After more than 20 years, the heavy hitters of wealth management are finally, finally dragging the unified managed household out of white paper land and into tangible reality. Over the last several months, the tone of these conversations has changed from “wouldn’t it be nice someday?” to “how can we get this done?”
Now we just need everyone to agree on what UMH actually means. I wanted to share a conversation with my colleague Steve Zuschin, who works closely with the people who are elbows deep in the development of UMH platforms advisors use to help their clients.
Steve: It’s fair to say the wealthtech industry is having an “I know it when I see it” problem with UMH. The big names are struggling to nail down what it should look like, in practical terms.

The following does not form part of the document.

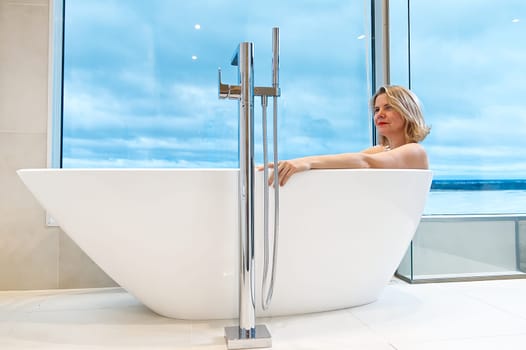 woman in freestanding white bath. Modern bathroom interior design. Beauty, healthy lifestyle concept. panoramic bathroom interior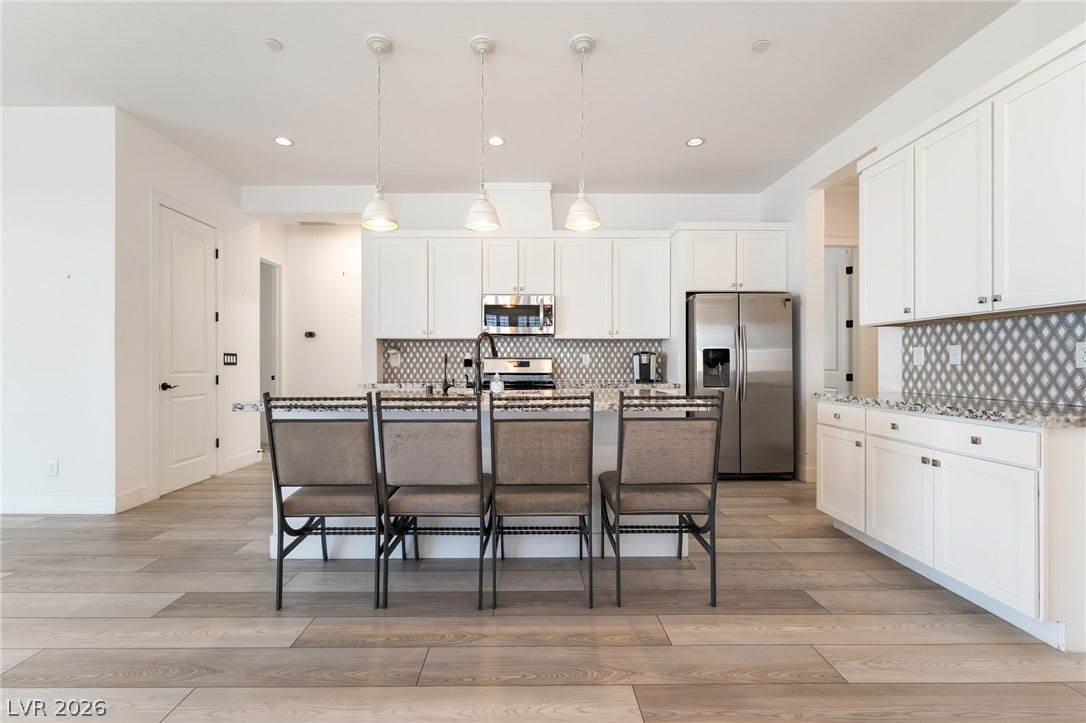 330 Meadow Brush Place, Henderson, NV 89011 Clean lines and light wood flooring define this contemporary kitchen with an inviting breakfast bar.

Jack: Right. At its core, a UMH platform treats clients like clients, not a series of disconnected accounts. It collects and coordinates data from a client’s entire household of multiple accounts and products. Through software-guided insights, it creates more money over the long term for clients, and greater wallet share and managed assets for the advisor. So far, so good.

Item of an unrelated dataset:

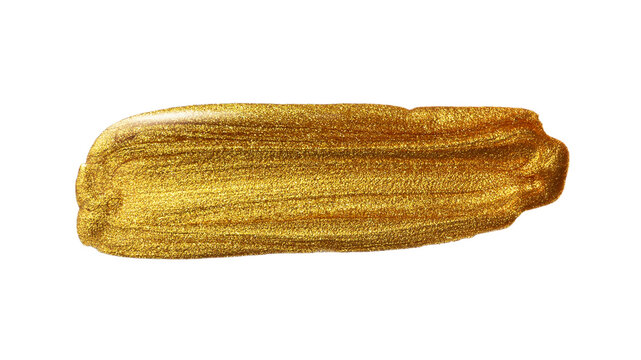 Gold metallic paint brush stroke isolated on white background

Steve: Here’s what most platform architects out there agree on: a sequence of intelligent withdrawals needs to be part of a unified managed household. There are clear, demonstrable financial benefits to helping retirees “land the plane” in a way that stretches their dollars as far as possible. They also agree that single-target asset allocation, coordinated across all accounts, should be part of the UMH package.

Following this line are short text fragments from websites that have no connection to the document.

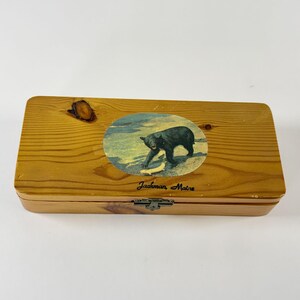 May include: A rectangular wooden box with a natural grain finish and a dark knot on the left side. The lid features an oval illustration of a black bear catching a fish in a stream, with the text Jackman, Maine printed in black below the image.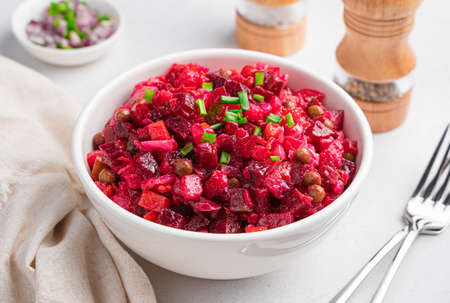 Traditional Russian salad vinaigrette with beets, potatoes, carrots and sauerkraut on a gray one. Side view, close up.の写真素材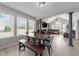 Open dining area with a view into the living room and three large windows providing natural light at 82 Sommerset Dr, Clayton, NC 27520
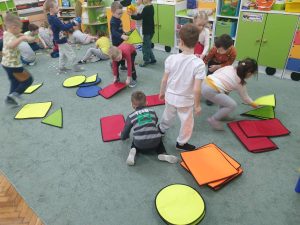 Dzieci z grupy czwartej segregują na dywanie figury geometryczne.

Jack: But that isn’t the whole picture.
Steve: And that’s where people stop seeing eye to eye. What else should UMH do? What is necessary for a “real” UMH platform? For instance, we have heard the argument that including all client accounts on a single financial statement “counts” as UMH.
Jack: I would disagree on the basis that, at a minimum, UMH platforms need to actually do something with information beyond gathering it in a single place. How does that help a client?
Steve: It doesn’t. This is why you hear people talking about the “next best action” as the end game for these platforms. They can’t just gesture at information and let you draw your own conclusions. UMH happens when the platform can evaluate all of a client’s next possible financial moves and rank them in terms of what will be the most impactful.
Jack: The bottom line, I would say, is that UMH is a means to an end, not the end. The whole point is to make better outcomes for clients by making the most of the things they can control: cost, risk, tax exposure, the timing of Social Security.